CONNECT WITH US
  • Bagi Hasil Merugi, Puluhan Petani Sawit PT. MKS Datangi DPRD Sanggau

    Bagikan:
    P. Ningkan - juru bicara petani sawit

    Sanggau (Suara Sanggau) - Puluhan petani sawit binaan PT. MKS (Mitra Karya Sentosa) Senin (18/2) mendatangi kantor DPRD Sanggau untuk memperjuangkan nasip mereka mengenai sistim bagi hasil. Mereka diterima oleh komisi B yang diketuai M. Jana, Suwondo, Susana dan beberapa orang lainnya.

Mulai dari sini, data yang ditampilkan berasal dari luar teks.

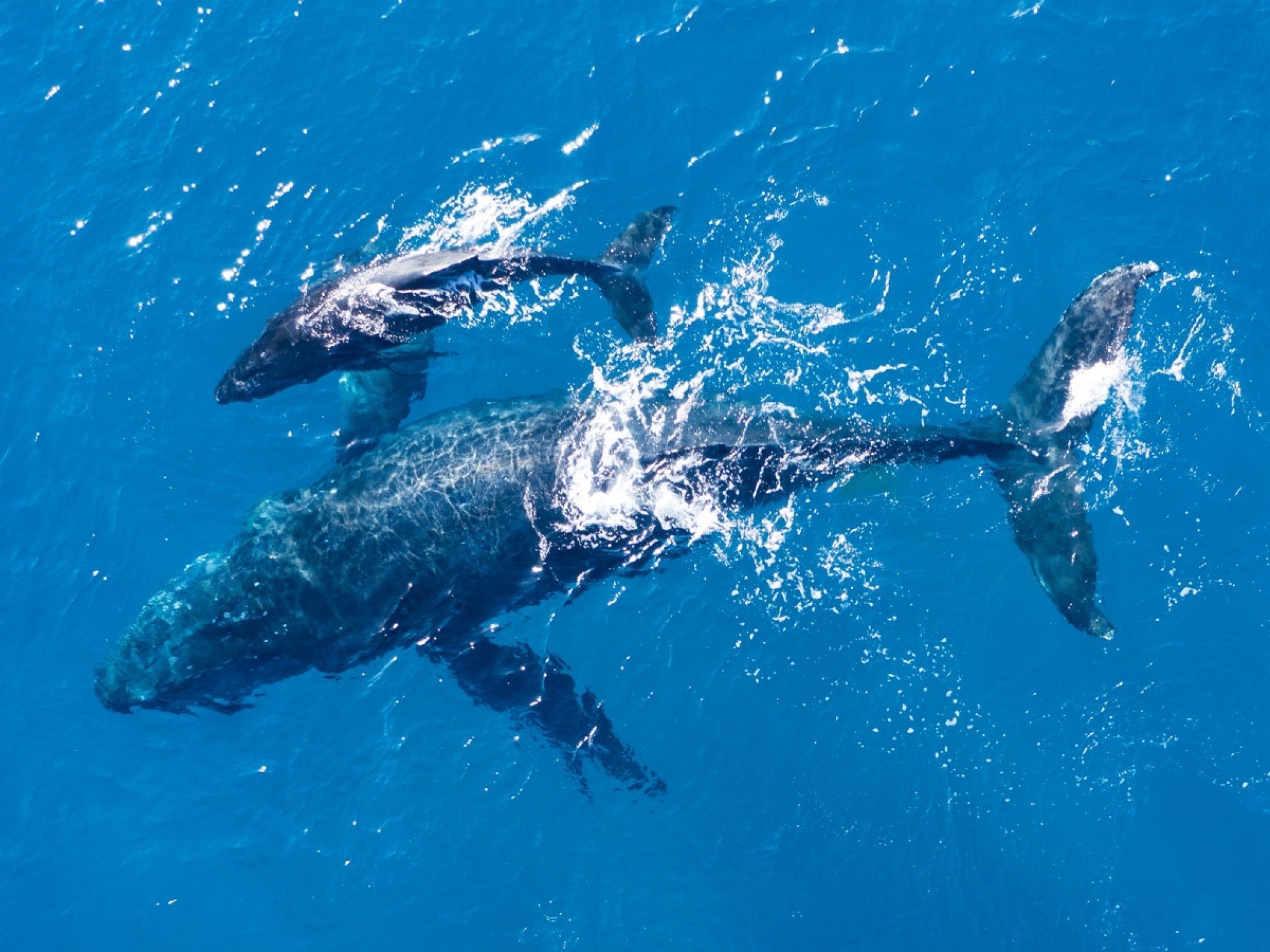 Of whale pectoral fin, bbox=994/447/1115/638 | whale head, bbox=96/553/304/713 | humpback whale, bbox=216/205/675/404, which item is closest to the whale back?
humpback whale, bbox=216/205/675/404

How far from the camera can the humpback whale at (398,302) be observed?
18891 millimetres

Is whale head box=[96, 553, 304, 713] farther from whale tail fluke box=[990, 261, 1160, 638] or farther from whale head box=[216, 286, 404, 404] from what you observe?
whale tail fluke box=[990, 261, 1160, 638]

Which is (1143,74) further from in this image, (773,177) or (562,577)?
(562,577)

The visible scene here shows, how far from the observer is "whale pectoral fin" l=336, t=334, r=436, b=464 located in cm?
2069

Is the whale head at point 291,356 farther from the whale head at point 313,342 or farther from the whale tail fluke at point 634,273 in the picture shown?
the whale tail fluke at point 634,273

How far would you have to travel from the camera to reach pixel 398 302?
19.1 m

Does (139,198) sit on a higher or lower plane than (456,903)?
higher

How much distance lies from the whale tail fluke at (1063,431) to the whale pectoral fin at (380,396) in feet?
39.2

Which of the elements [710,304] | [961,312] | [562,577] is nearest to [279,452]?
[562,577]

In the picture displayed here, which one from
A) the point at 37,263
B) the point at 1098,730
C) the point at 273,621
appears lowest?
the point at 1098,730

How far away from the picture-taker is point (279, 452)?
2123 cm

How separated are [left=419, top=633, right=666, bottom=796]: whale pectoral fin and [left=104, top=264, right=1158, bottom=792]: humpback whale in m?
0.04

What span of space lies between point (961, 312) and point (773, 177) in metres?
5.05

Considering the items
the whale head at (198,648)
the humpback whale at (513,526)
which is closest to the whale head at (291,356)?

    Menurut P. Ningkan selaku juru bicara petani sawit mengatakan, kedatangan mereka ke DPRD Sanggau sebelumnya sudah menyurati baik pihak perusahaan maupun DPRD untuk berdialog mengenai bagi hasil yang sangat merugikan petani. Dalam pertemuan tersebut menurut M. Jana pihaknya telah memanggil Management perusahaan untuk dipertemukan dengan petani namun pihak perusahaan tidak hadir.

    "Pada dialiog kali ini pihak perusahaan tidak hadir, karena untuk itu kita akan memanggil kembali pada bulan Maret 2019 mendatang.
    Keluhan yang disampaikan para petani akan kita tindak lanjuti," katanya.

    Menjawab pertanyaan Media usai diterima anggota DPRD Sanggau, P. Ningkan selaku juru bicara petani sawit mengatakan, sistem kemitraan bagi hasil antara pemilik lahan dan perusahaan perlu ditinjau kembali.

    "Sekarang ini pihak perusahaan masih menggunakan perda No 3/2004, dalam perda tersebut, mengenai bagi hasil 25 persen untuk petani pemilik lahan, sedangkan 75 persen milik perusahaan selaku pemilik Modal. Celakanya dari pembagian 25 persen tersebut masih dipotong lagi 5 persen untuk operasional perusahaan dan lima persen untuk KUD. Hal ini sangat memberatkan petani. Seharusnya setelah pembagian tadi tidak ada lagi pemotongan," ujar Ningkan Mantan Pejabat Sanggau.

    Lebih lanjut ia menyampaikan, kami meminta pihak perusahaan nanti tidak lagi menggunakan Perda No 3/2004 dan itu sudah tidak berlaku lagi dan harus mengacu Perda No 9/2012 dengan pembagian 60 dan 40 persen, harapnya.

    "Kami mengharapkan kepada pihak perusahaan untuk dapat hadir di Gedung DPRD Sanggau, agar permasalahannya dapat kita rembukkan bersama. Bayangkan saat ini petani hanya menerima sembilan puluh hingga seratus ribu rupiah per satu hektar kebun produktif yang dikelola oleh perusahaan bersama koperasi gabungan petani. Tentu dengan hasil seperti itu tidak akan membantu perekonomian masyarakat yang mata pencarian sebagai  petani, sementara harga kebutuhan hidup terus meningkat, ujarnya.